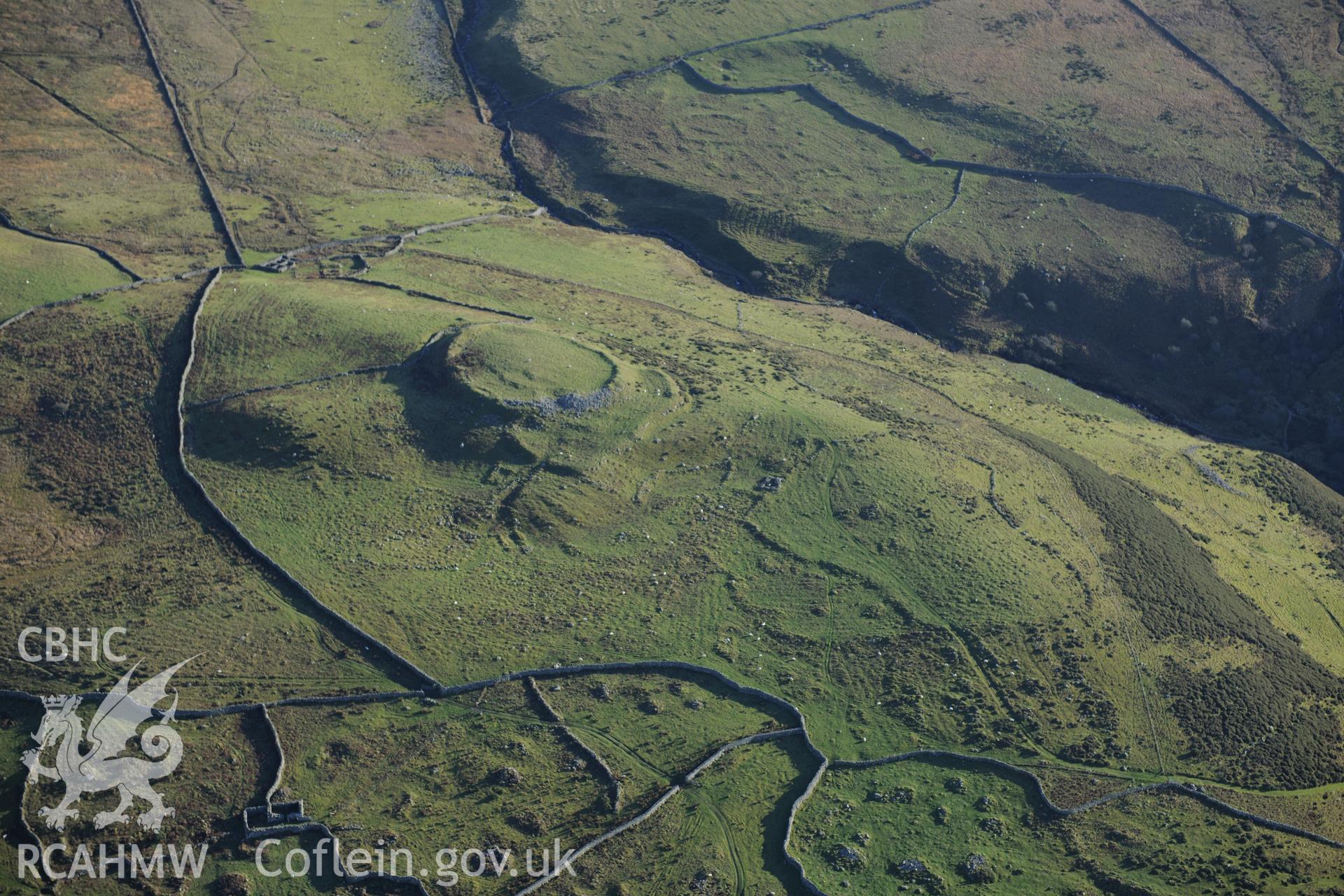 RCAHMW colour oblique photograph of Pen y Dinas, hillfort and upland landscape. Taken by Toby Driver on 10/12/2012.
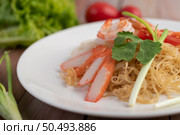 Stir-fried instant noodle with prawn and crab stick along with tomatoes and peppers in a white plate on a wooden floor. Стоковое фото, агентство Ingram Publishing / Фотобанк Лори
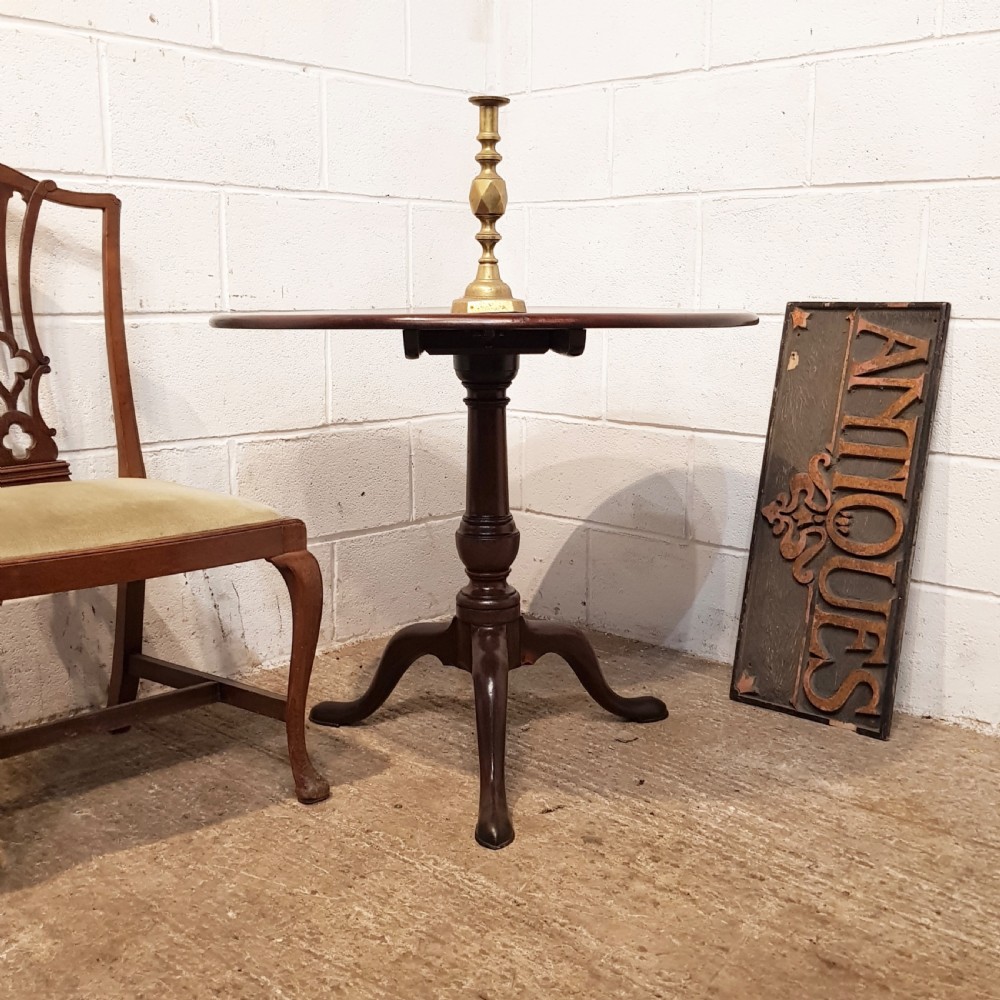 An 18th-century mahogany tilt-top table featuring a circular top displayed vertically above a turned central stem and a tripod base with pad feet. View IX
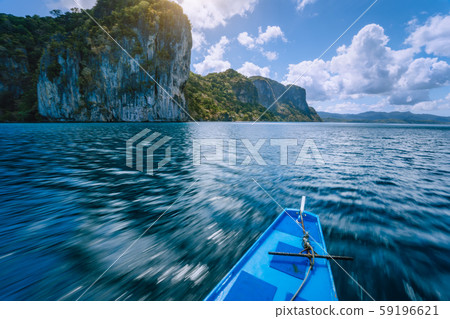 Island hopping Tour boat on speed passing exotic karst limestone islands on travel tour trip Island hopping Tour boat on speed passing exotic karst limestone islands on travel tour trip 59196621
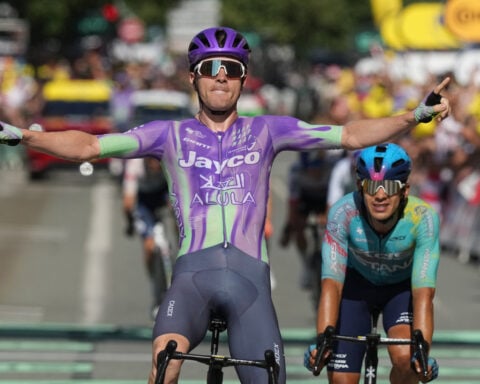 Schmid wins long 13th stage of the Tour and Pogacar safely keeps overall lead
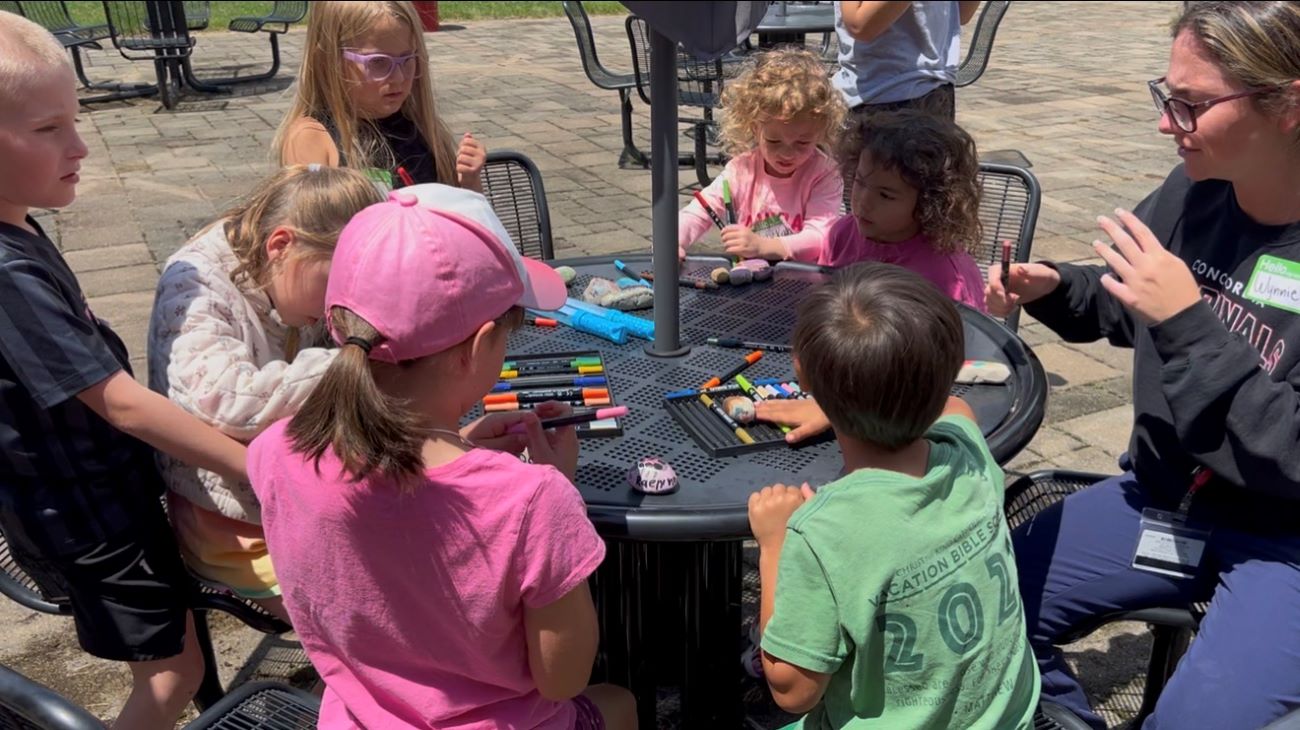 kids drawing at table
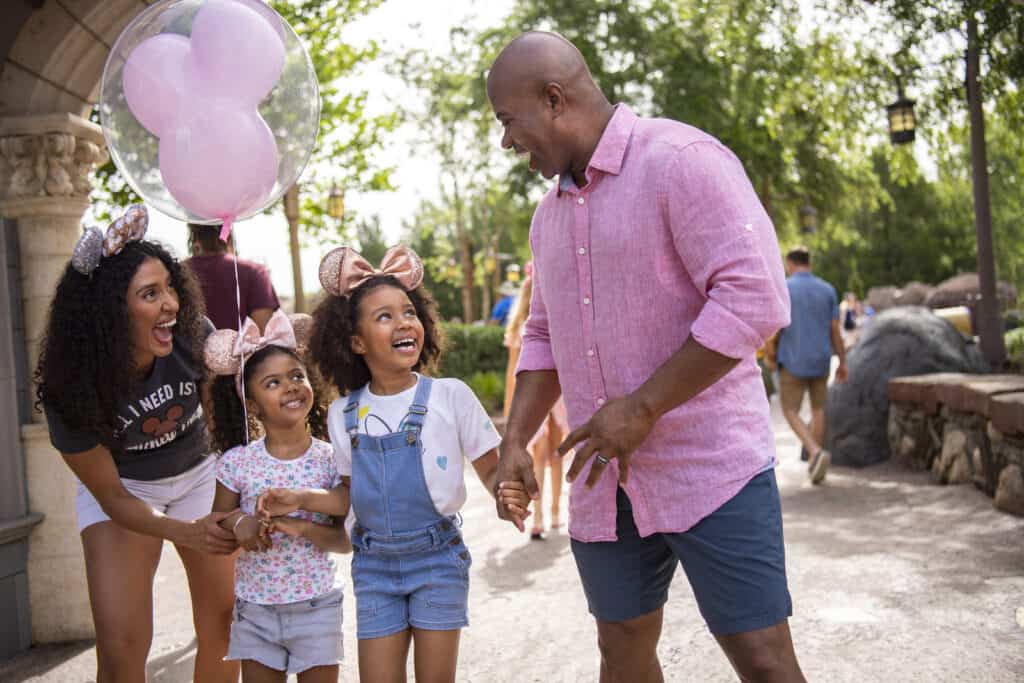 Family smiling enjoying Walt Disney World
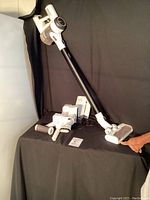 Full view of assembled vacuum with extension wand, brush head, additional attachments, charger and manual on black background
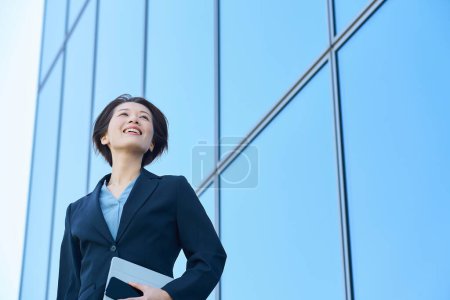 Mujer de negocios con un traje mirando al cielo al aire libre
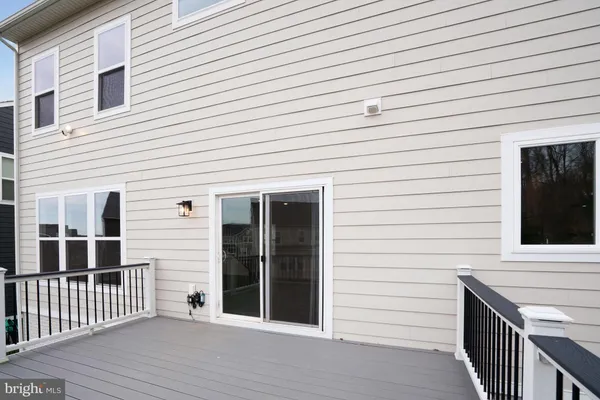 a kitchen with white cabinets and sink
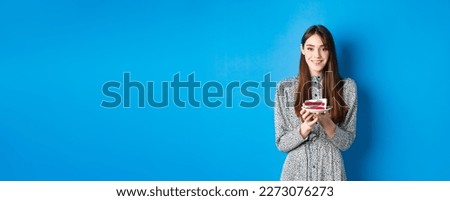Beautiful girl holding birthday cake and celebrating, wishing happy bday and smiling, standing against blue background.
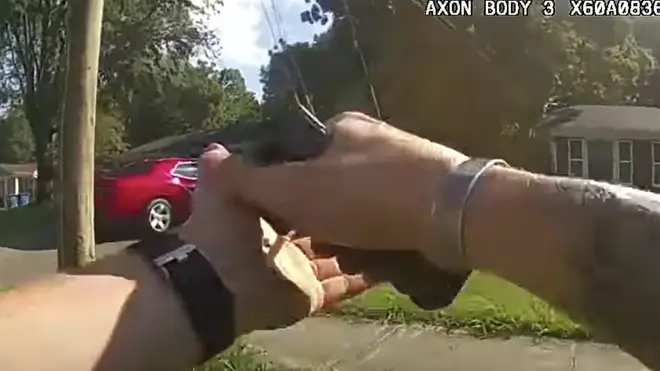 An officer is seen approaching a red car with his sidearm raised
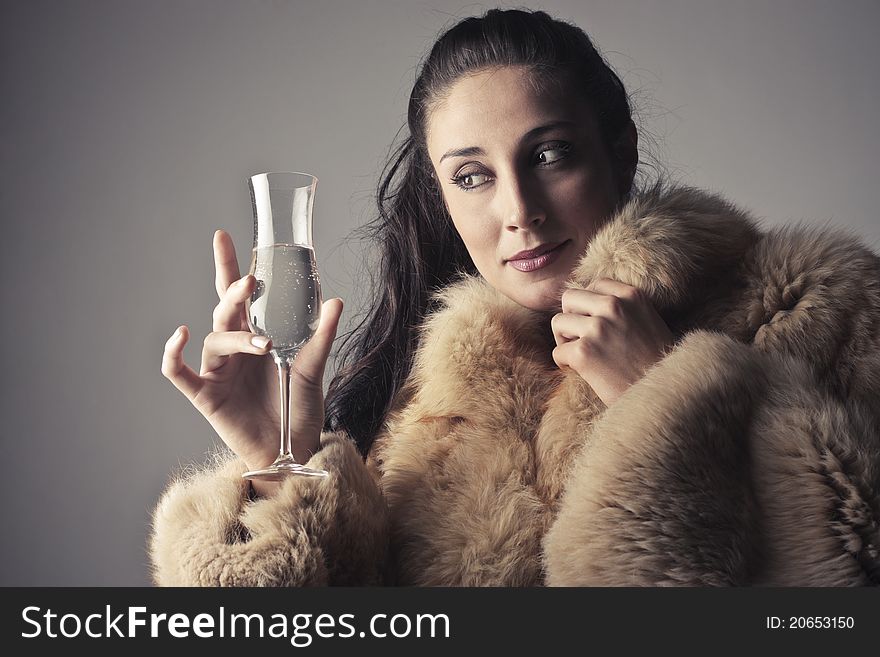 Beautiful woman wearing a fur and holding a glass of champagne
=-=-=-=-=
▸ Try it
The expected result is the complete listing above, printed exactly, with no pictures.

▸ Solution to this problem
 RCAHMW colour oblique photograph of Pen y Dinas, hillfort and upland landscape. Taken by Toby Driver on 10/12/2012.
 Stir-fried instant noodle with prawn and crab stick along with tomatoes and peppers in a white plate on a wooden floor. Стоковое фото, агентство Ingram Publishing / Фотобанк Лори
 An 18th-century mahogany tilt-top table featuring a circular top displayed vertically above a turned central stem and a tripod base with pad feet. View IX
 Island hopping Tour boat on speed passing exotic karst limestone islands on travel tour trip Island hopping Tour boat on speed passing exotic karst limestone islands on travel tour trip 59196621
 Schmid wins long 13th stage of the Tour and Pogacar safely keeps overall lead
 kids drawing at table
 Family smiling enjoying Walt Disney World
 Full view of assembled vacuum with extension wand, brush head, additional attachments, charger and manual on black background
 Mujer de negocios con un traje mirando al cielo al aire libre
 a kitchen with white cabinets and sink
Beautiful girl holding birthday cake and celebrating, wishing happy bday and smiling, standing against blue background.
 An officer is seen approaching a red car with his sidearm raised
 Beautiful woman wearing a fur and holding a glass of champagne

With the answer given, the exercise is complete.